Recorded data

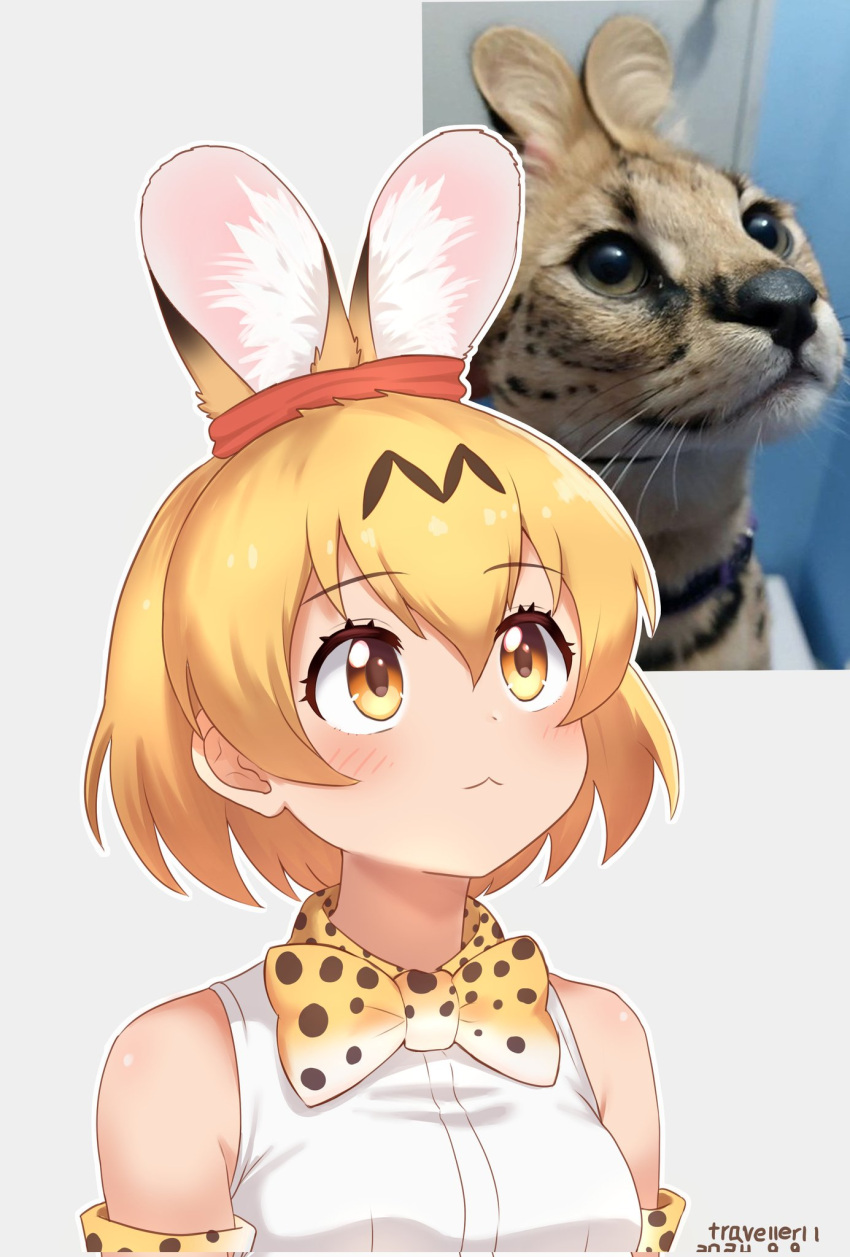 1girl, :3, animal_ears, blonde_hair, blush, bow, bowtie, cat_ears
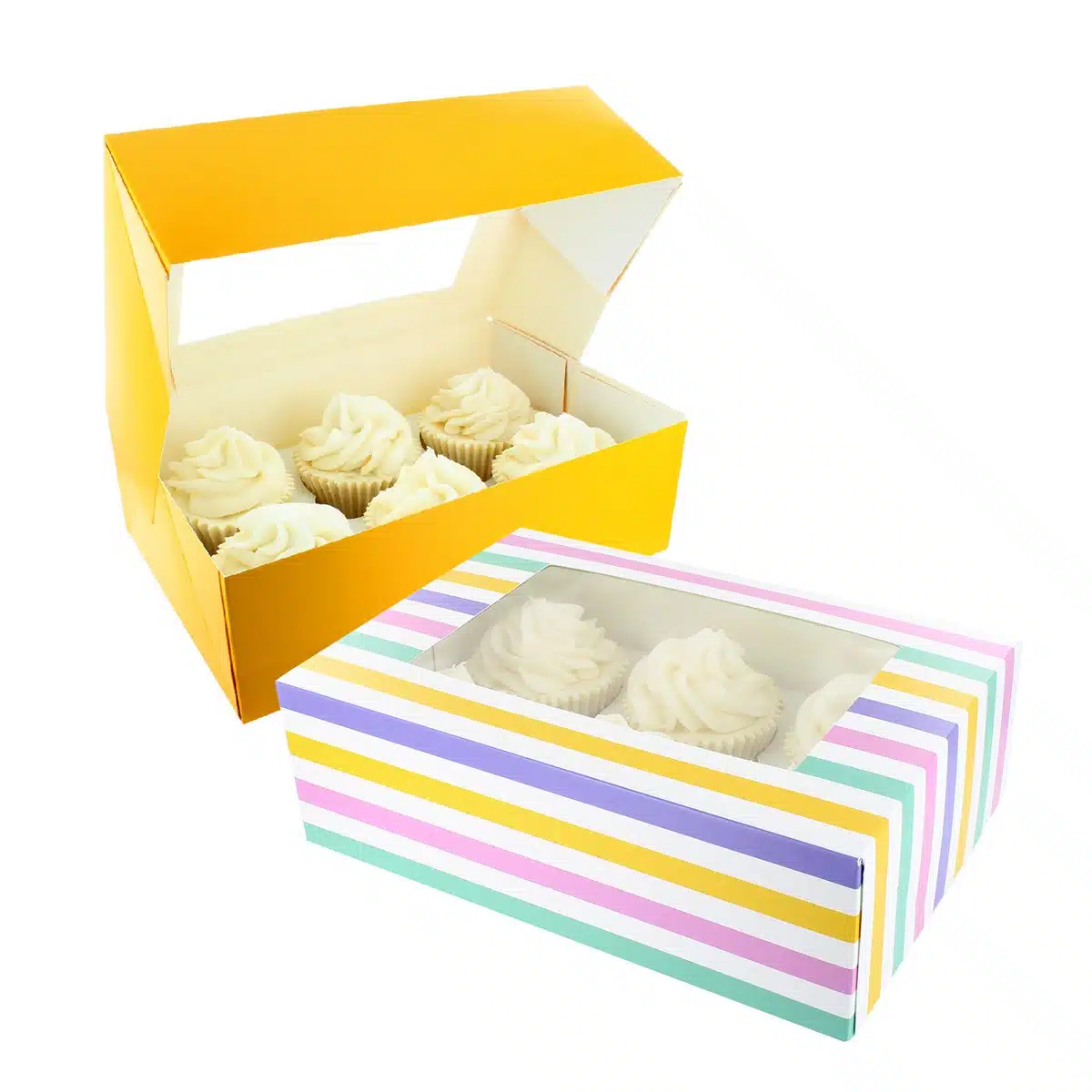 Baked with love cupcake doos geel en gestreept pk/2 bij cake, bake & love 5 Baked with love cupcake doos geel en gestreept pk/2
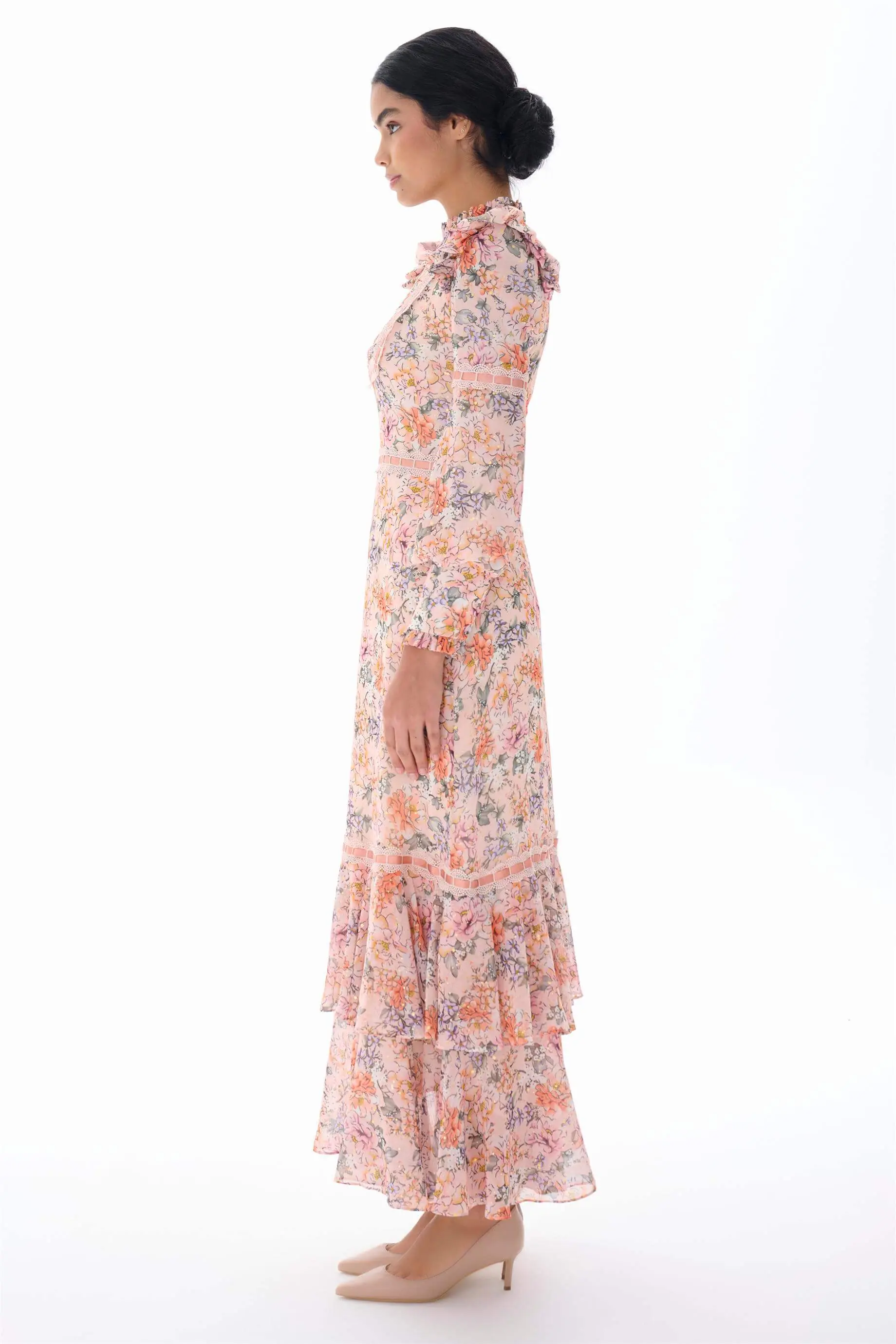Yoryo Chiffon Foil Floral Dress – Powder, photo 2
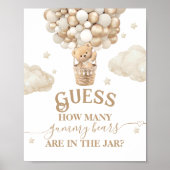 Teddy Bear Balloon Baby shower gok spel Poster (Voorkant)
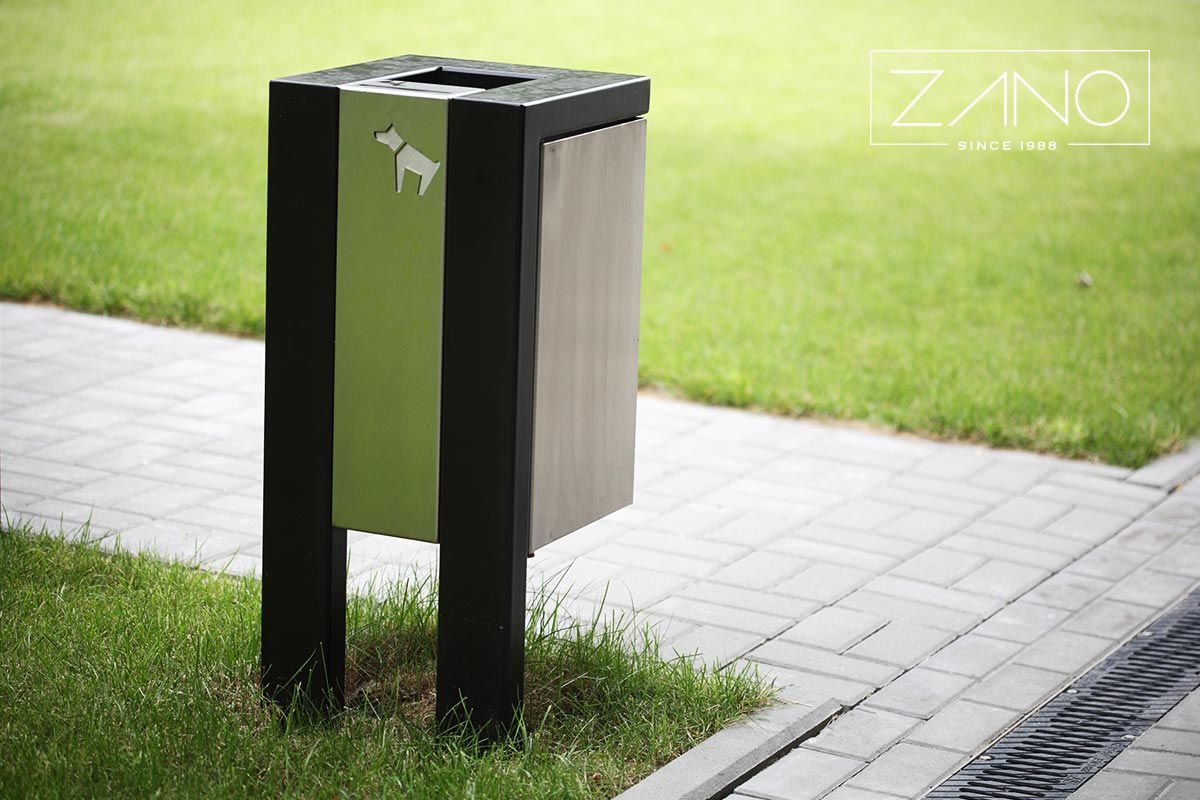 03.055.Sc - Poubelle Cubus moderne sur poteau - Zano - 52L - Acier inoxydable résistant_2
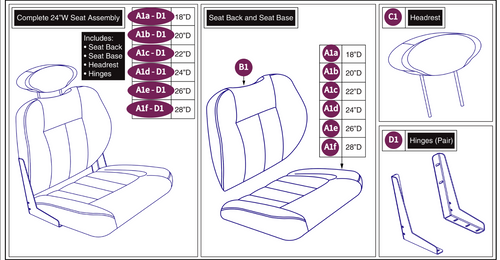 24" W Hi=Back Vinyl, HD DLX Contour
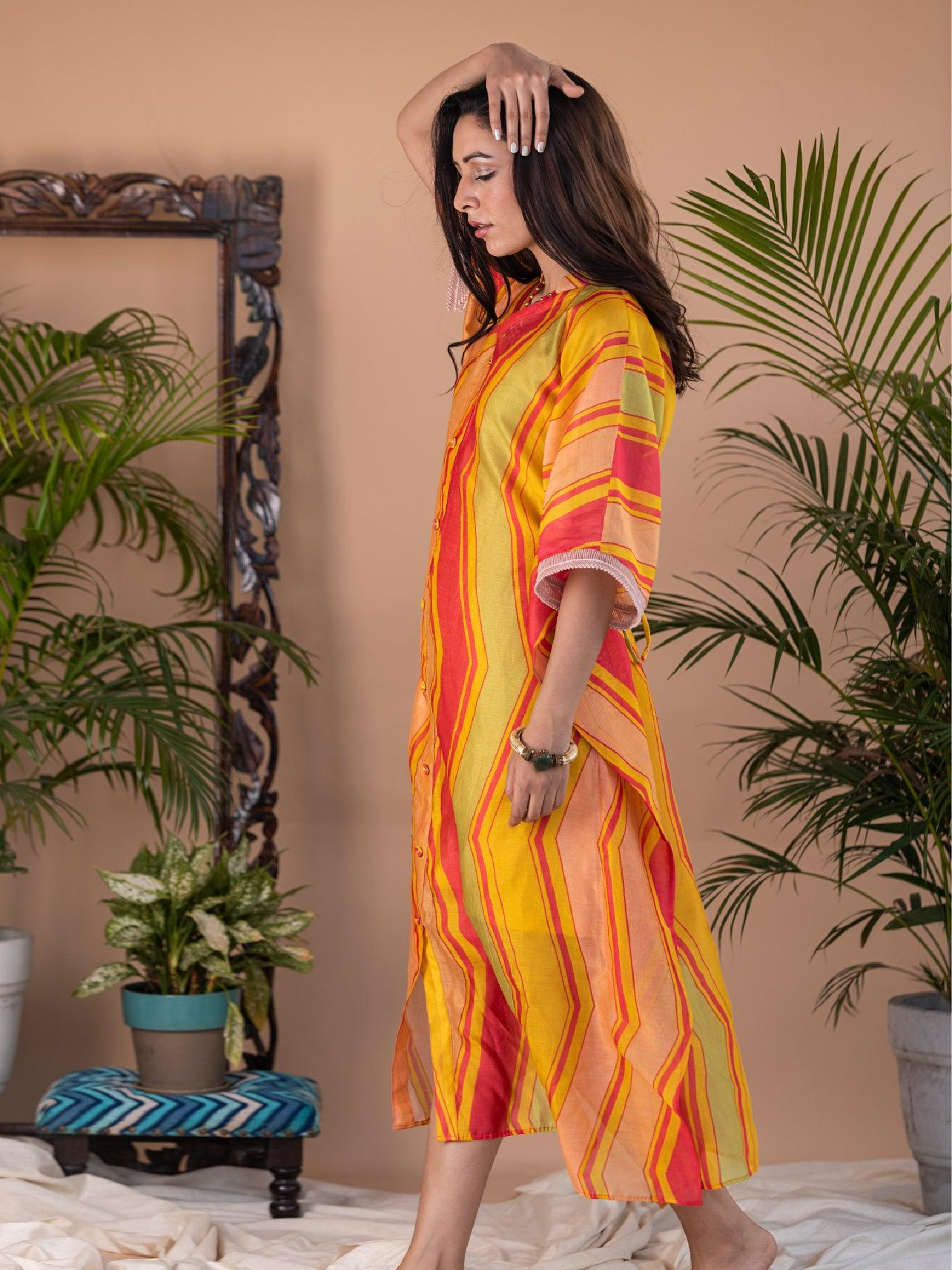 Adira Geometric Print Chanderi Button Kaftan Dress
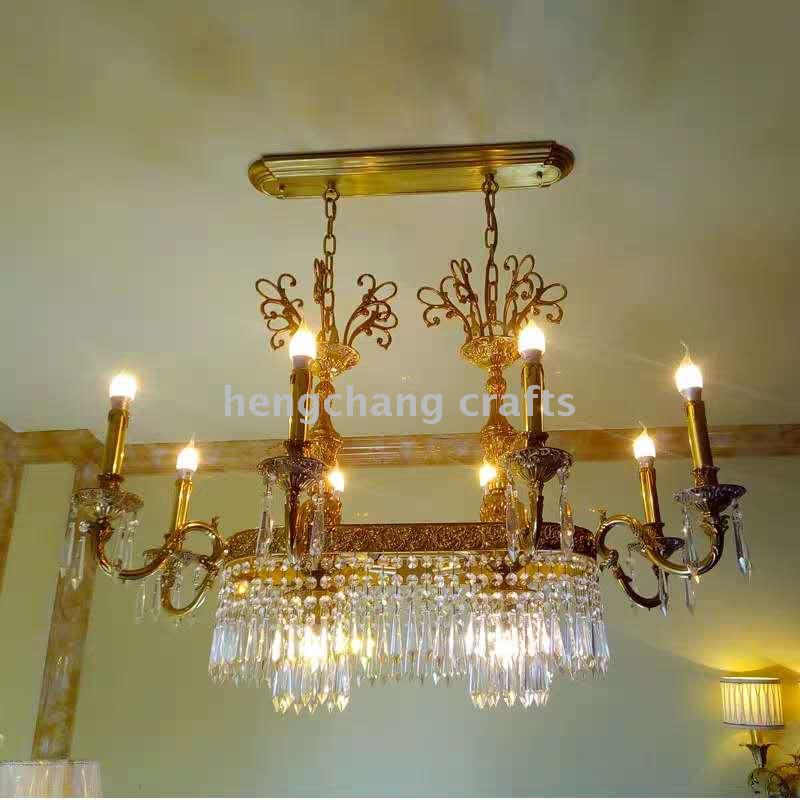 法式全铜奢华长形水晶吊灯轻奢复古蜡烛灯具别墅复式餐厅客厅卧室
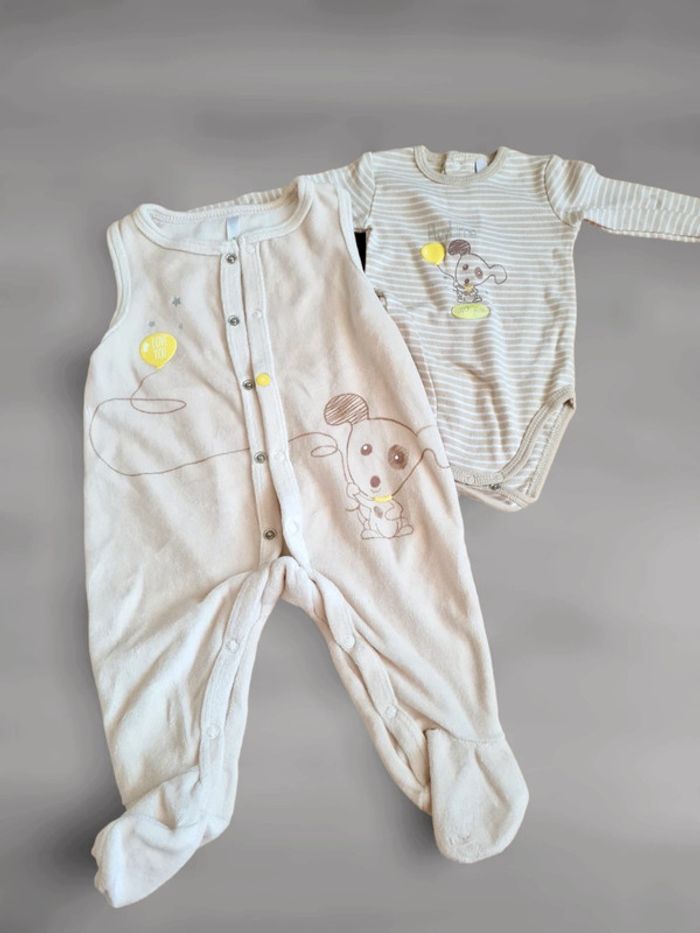 Ensemble 2 pièces grenouillère bodie garçon fille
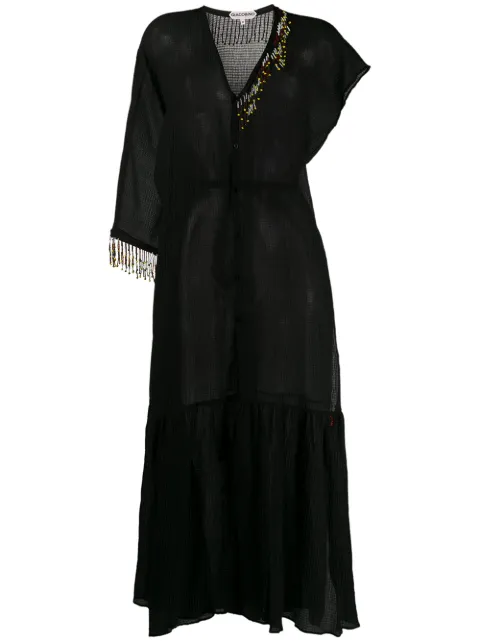 Giacobino robe-chemise mi-longue brodée de perles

» **Task item**: Print nothing except the lines above from the one containing "Yoryo Chiffon Foil" down to the one containing "Adira Geometric Print", both included, exactly as written and free of pictures.

» **Exercise result**:
Yoryo Chiffon Foil Floral Dress – Powder, photo 2
 Teddy Bear Balloon Baby shower gok spel Poster (Voorkant)
 03.055.Sc - Poubelle Cubus moderne sur poteau - Zano - 52L - Acier inoxydable résistant_2
 24" W Hi=Back Vinyl, HD DLX Contour
 Adira Geometric Print Chanderi Button Kaftan Dress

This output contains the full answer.